What is the difference between Zero and Witblits?

Both are recessive patternless morphs, so the headline difference is color tone. A Zero is silvery white to pale grey and lacks nearly all color, giving the cleanest, coolest white look. A Witblits is also patternless but leans warm, showing pale tan, cream, or pastel tones. Think cool versus warm. They are separate genetic lines, so a Zero is not simply a whiter Witblits. Each comes from its own recessive gene and is bred within its own line.

Do Zero or Witblits dragons need special care?

No. Both Zero and Witblits are color and pattern morphs, so their care is fully standard. They need the same basking temperature of 95 to 110F, a cool side of 75 to 85F, a T5 HO 10.0 UVB bulb replaced every 6 to 12 months, calcium-dusted feeders, and the normal greens-and-insects diet. Their scales are normal thickness, so they do not face the UVB sensitivity or shedding difficulty that reduced-scale leatherbacks and silkbacks can have. Care for them like any beardie.

Is there a special diet for patternless morphs?

There is no special diet for Zero, Witblits, or any other morph. Babies and juveniles eat roughly 80 percent insects and 20 percent greens to support growth, then adults shift to about 80 percent greens and 20 percent insects. Offer feeders such as dubia roaches and crickets, dust them with calcium to prevent metabolic bone disease, and keep fresh leafy greens available daily. A morph changes how a dragon looks, never what it should eat.
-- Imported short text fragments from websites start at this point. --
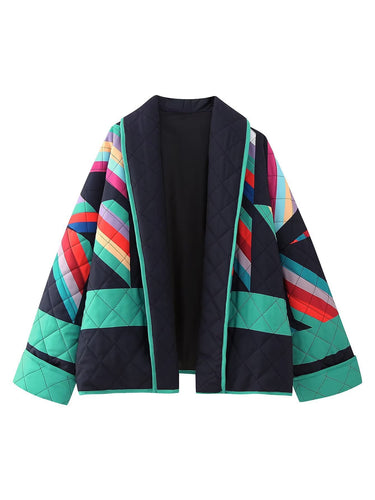 Ladies striped quilted jacket with a loose fit and stylish color play Lune London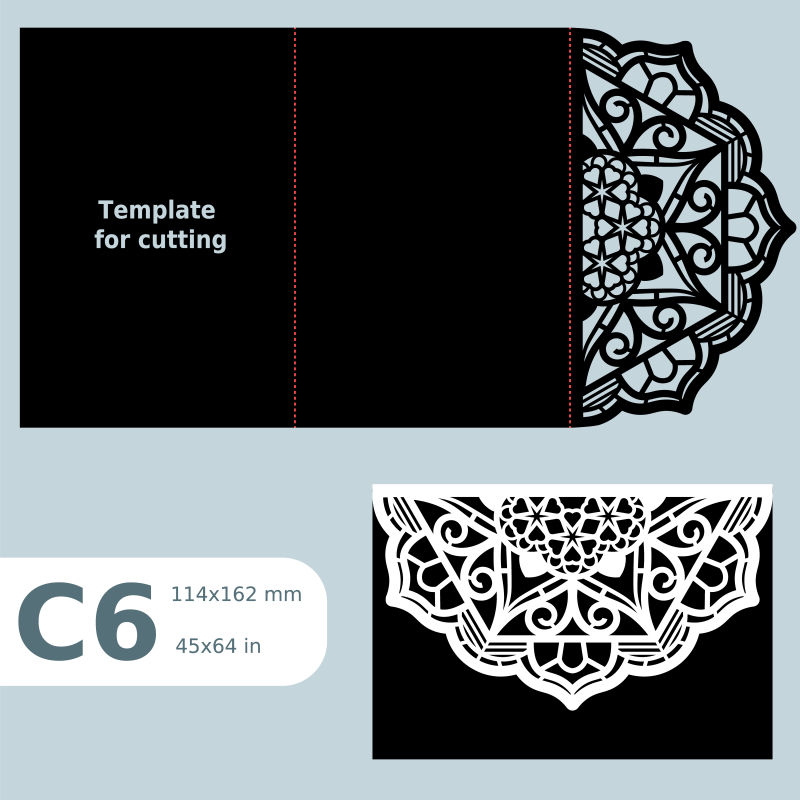 鏤空圖案摺疊卡片矢量設計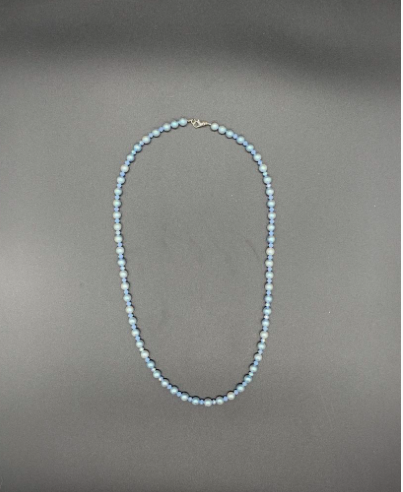 Vintage Majorca Blue Pearl Necklace with Light Blue Crystals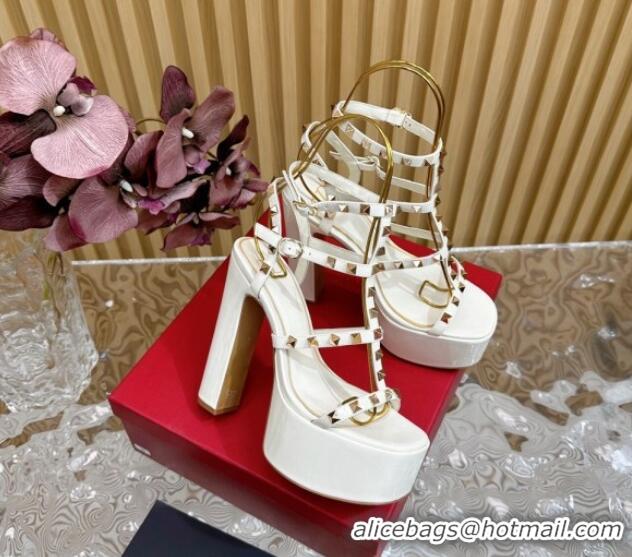 Best Grade Valentino Rockstud Ankle Strap Platform Sandals 15.5cm in Patent Calfskin White 612114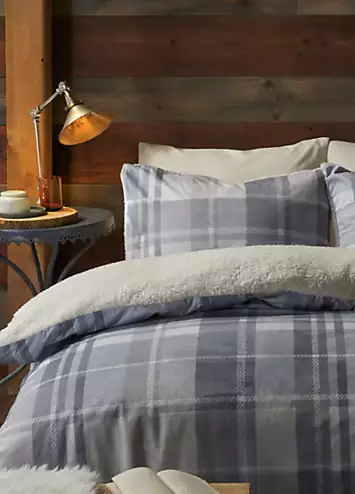 Fusion Grey Mulford Check Cosy Fleece Duvet Cover Set | Kaleidoscope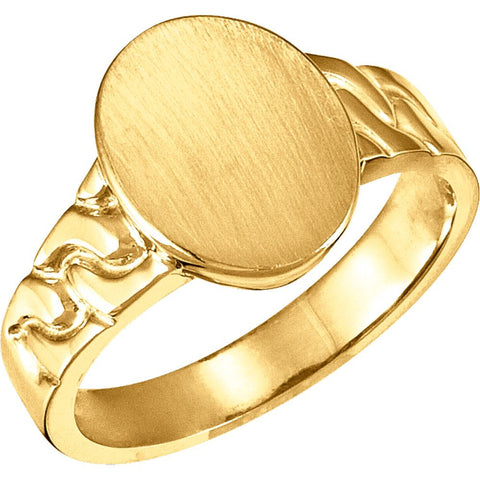 14k Yellow Gold 14x11mm Men's Signet Ring with Brush Finish, Size 10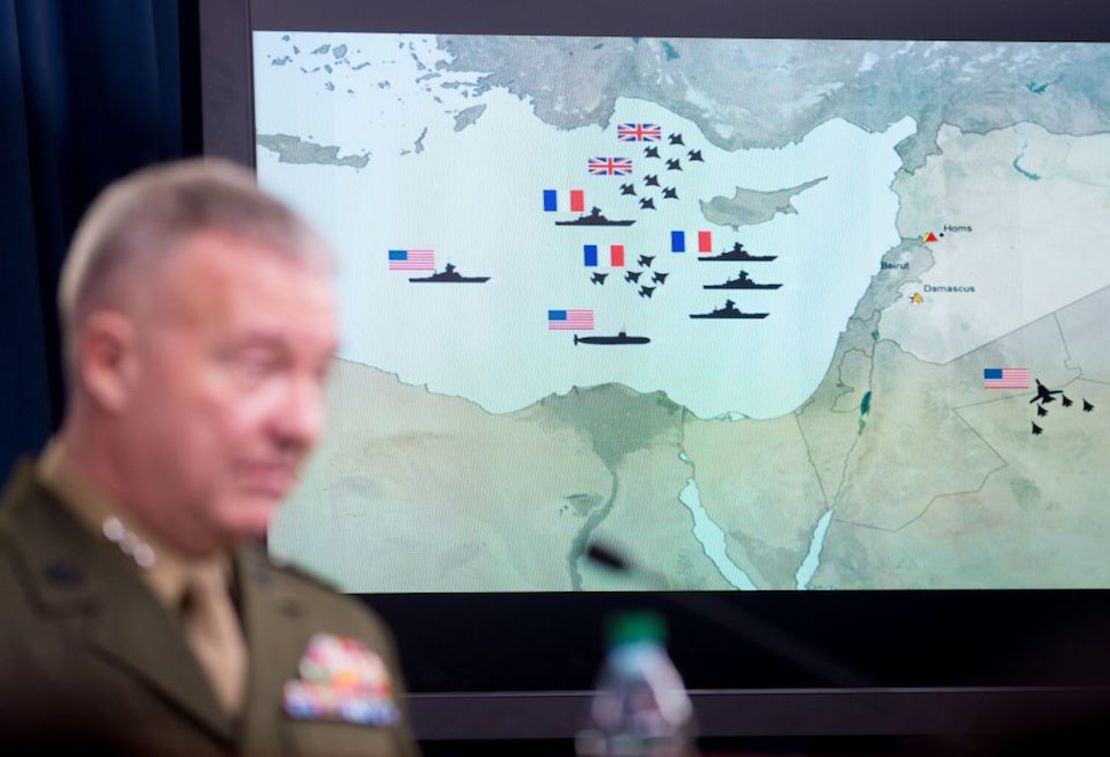 Conferencia del Pentágono sobre el ataque en Siria. LOEB/AFP/Getty Images)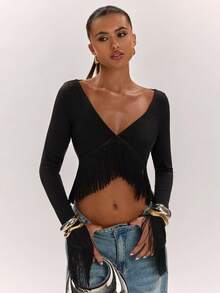 SHEIN BAE Top corto sexy de moda para mujer estilo francés con flecos en el bajo - Negro - Ver 5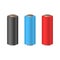 Realistic Detailed 3d Wrapping Plastic Stretch Film Dark, Blue and Red Set. Vector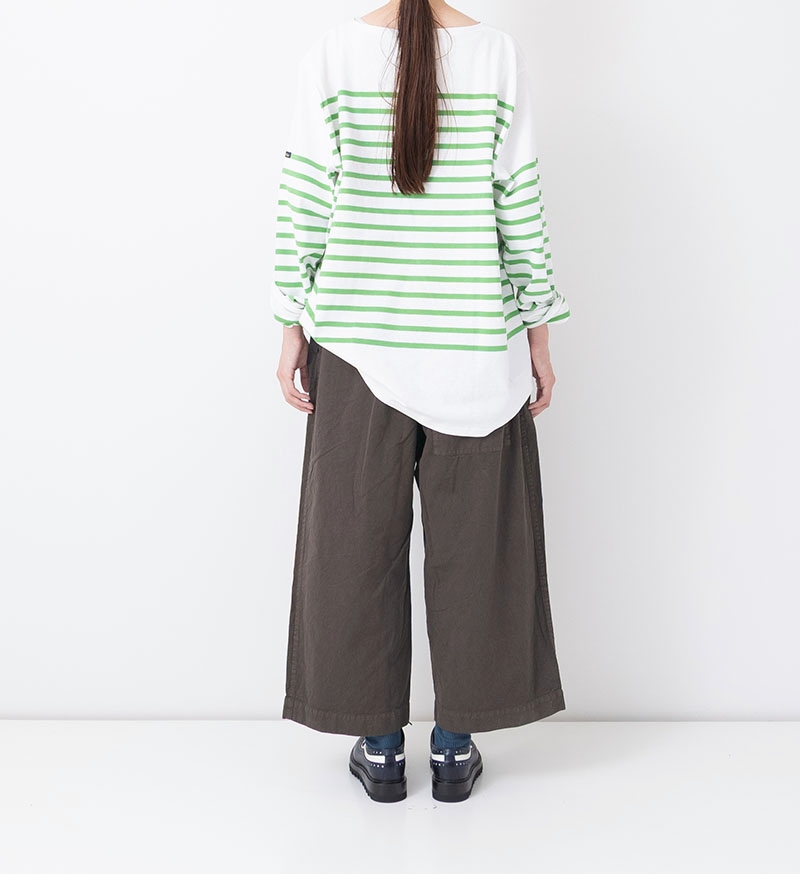 Veritecoeur ヴェリテクール タックパンツ グリーン ストライプ Veritecoeur ヴェリテクール タックパンツ グリーン ストライプ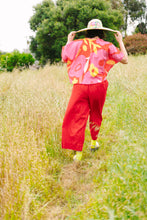 Mid Easy Pant in Cherry Linen (RTS)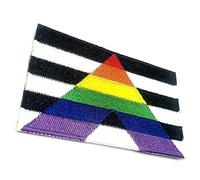 Straight Ally Rainbow Gay Pride LGBT Iron On Embroidery Patch Flag Embroidered Fabric Sew On Transfer for Clothes 8cm x 5cm Rectangle Pack of 1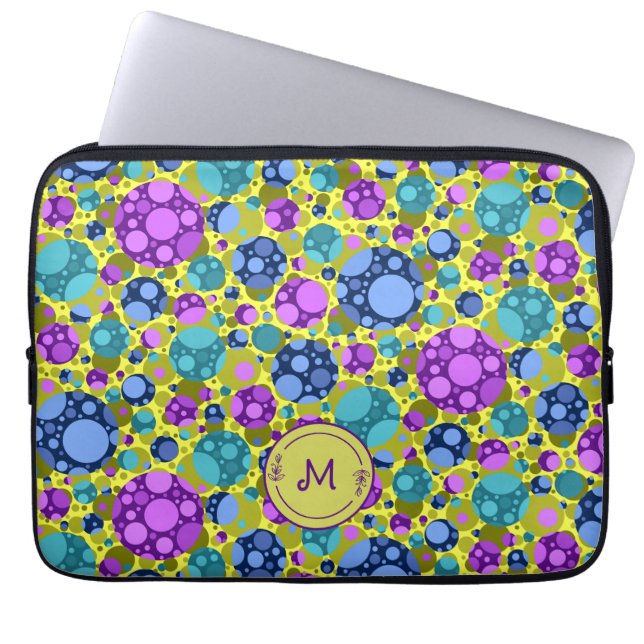 Monogram Polka Dots Pattern in Pink Blue Teal -  Laptop Sleeve (Front)
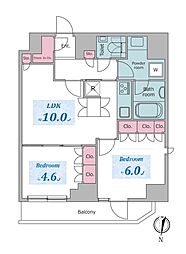 ドゥーエ日暮里 8階2LDKの間取り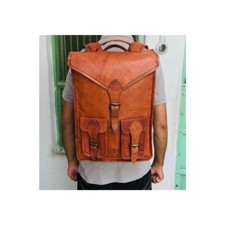 Sac à dos pour ordinateur portable 15" en cuir véritable pour hommes voyage c...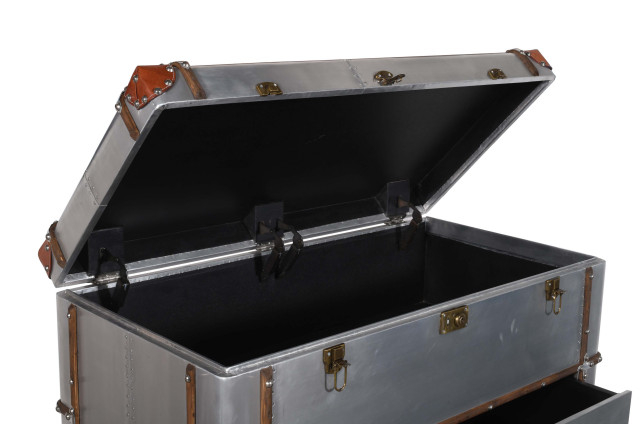 Pilot 4 Drawer Chest With Silver Aluminum Cladding And Leather Accents ... in Pilot 4 Drawer Chest With Silver Aluminum Cladding And Leather Accents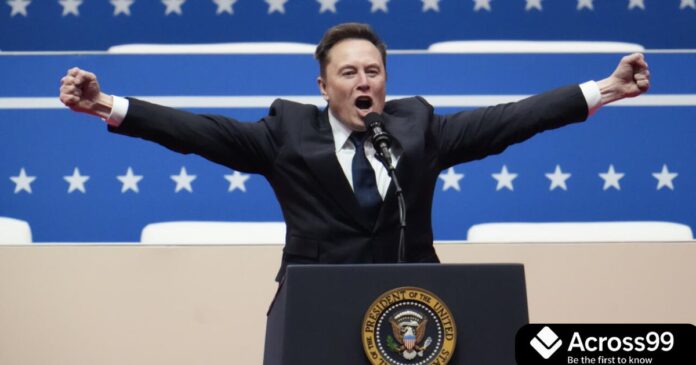 Elon Musk smiling with Tesla car in background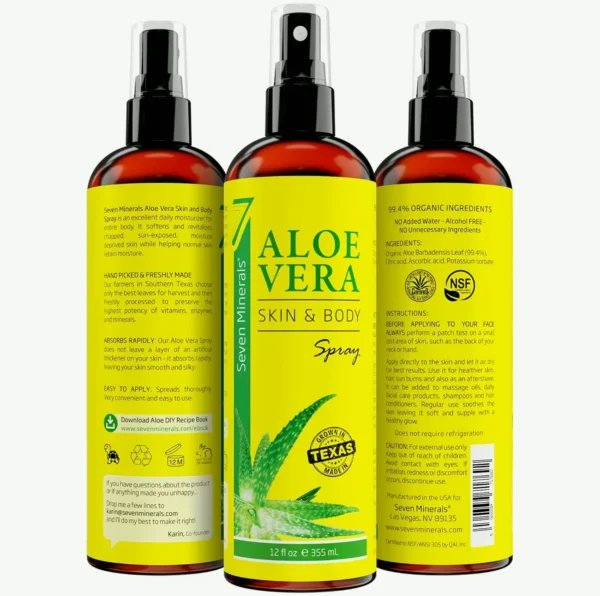 Natural Aloe Vera Spray for Skin & Locks - 12 fl ounces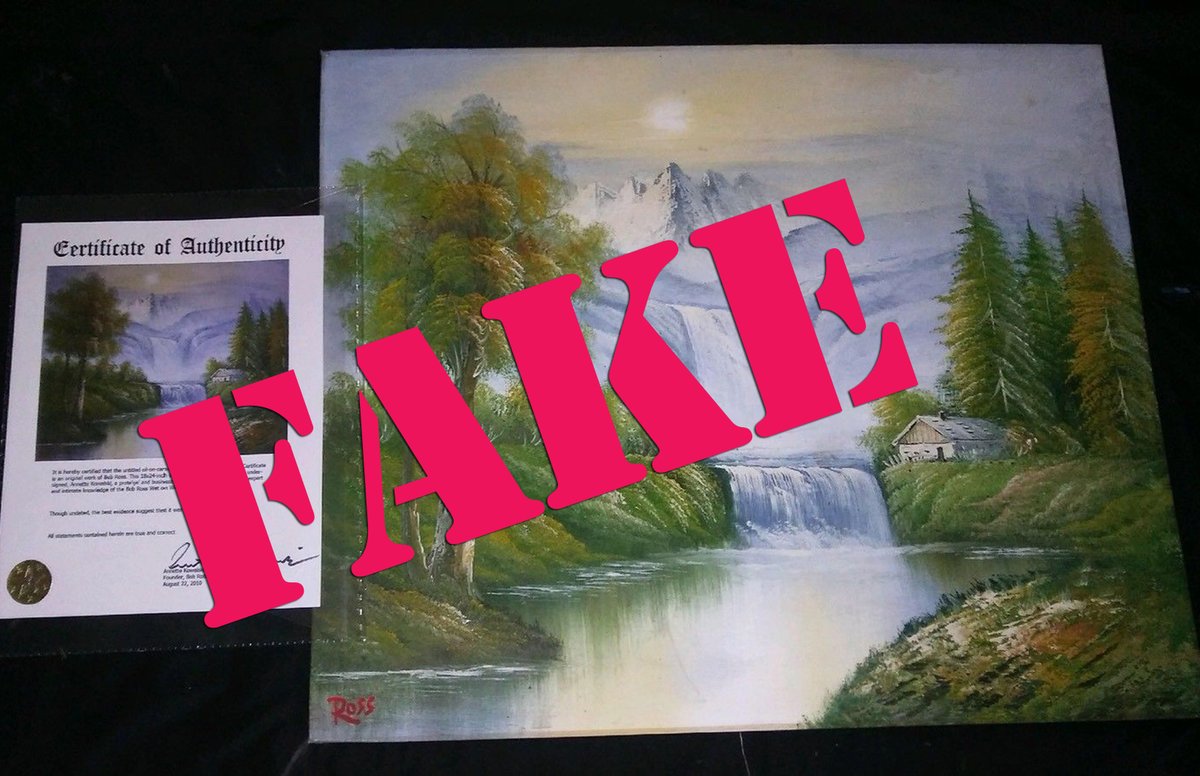 1200x776 Bob Ross Official On Twitter Warning! The Seller Of This - Boss Ross Original Painting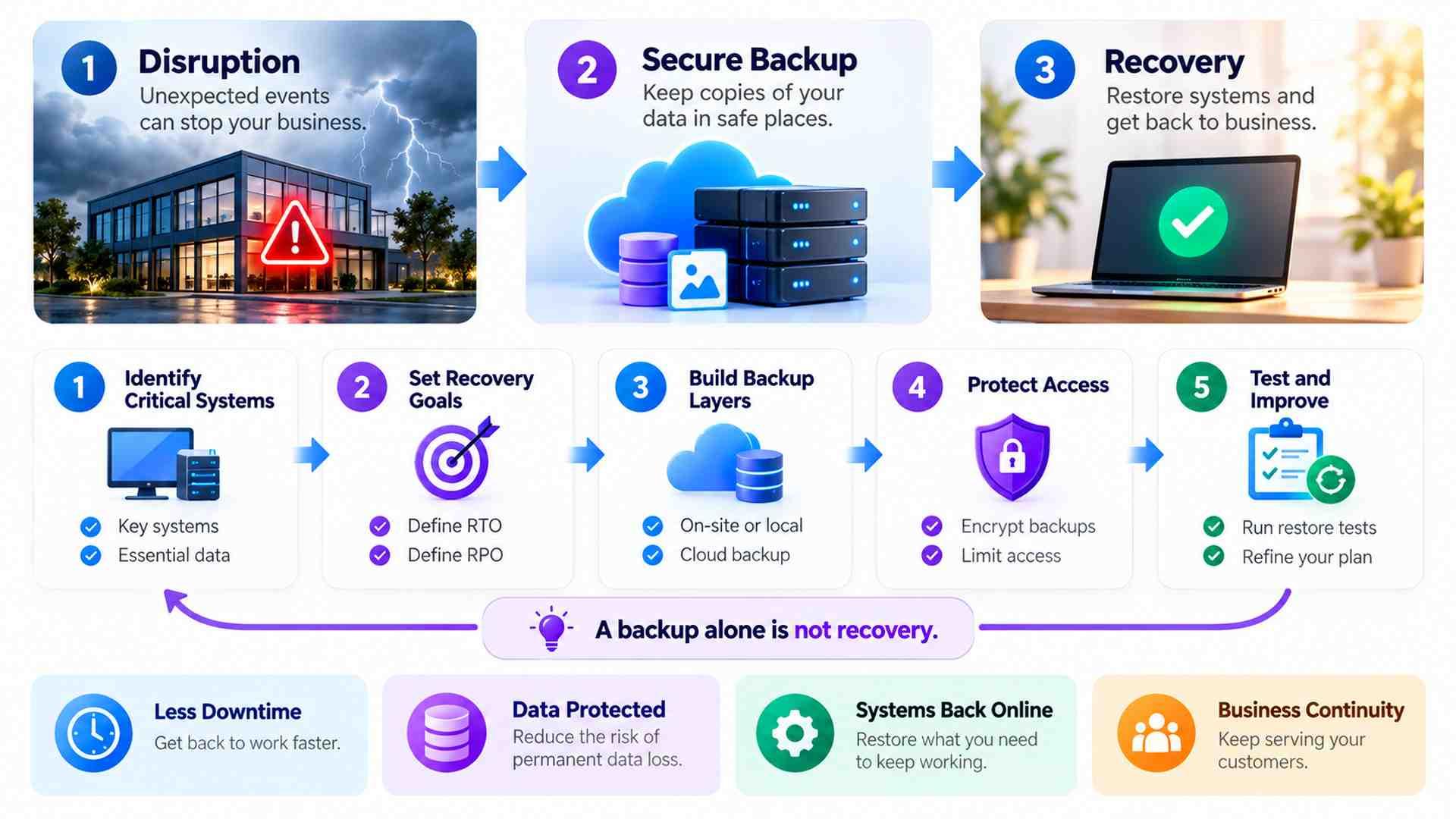 Small business disaster recovery plan covering critical systems, RTO and RPO, backup layers, access protection, and restore testing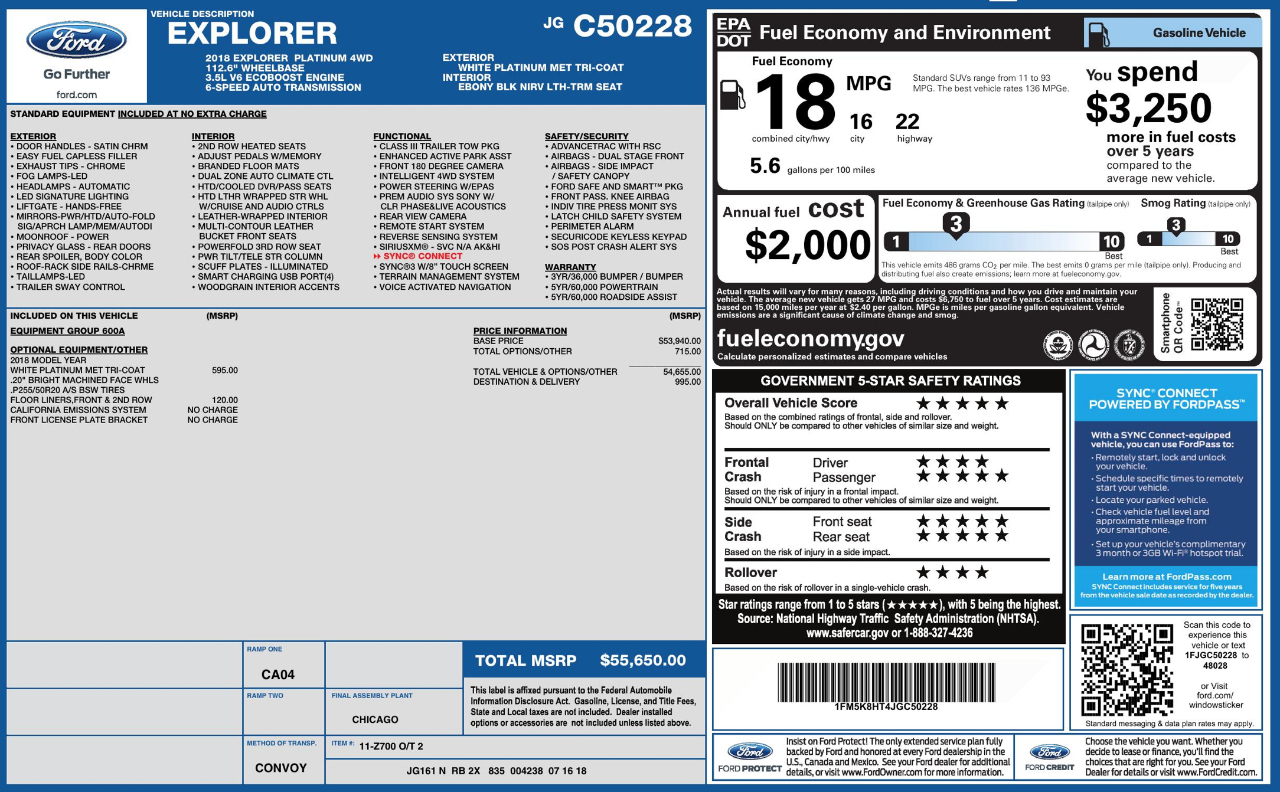 Ford Explorer Platinum AWD 2018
How are Zero and Witblits inherited?

Both are recessive traits. That means a dragon must inherit two copies of the gene, one from each parent, to actually show the morph. A dragon with only one copy is a het, meaning it carries the gene but looks normal. To reliably produce Zeros you breed Zero to Zero or pair carriers, and the same logic applies to Witblits. Because they are separate recessive lines, the two are bred within their own programs to keep the looks pure.

Are white bearded dragons more sensitive to light or heat?

Their pale color does not change their lighting or heat needs. UVB sensitivity in bearded dragons is tied to reduced scaling, as seen in leatherbacks and especially silkbacks, not to pale pigment. A Zero or Witblits with normal scales handles standard UVB and basking temperatures just like any beardie. Always provide proper shade and a temperature gradient so any dragon can self-regulate, and replace UVB bulbs on schedule, but no special dimming is required for these morphs.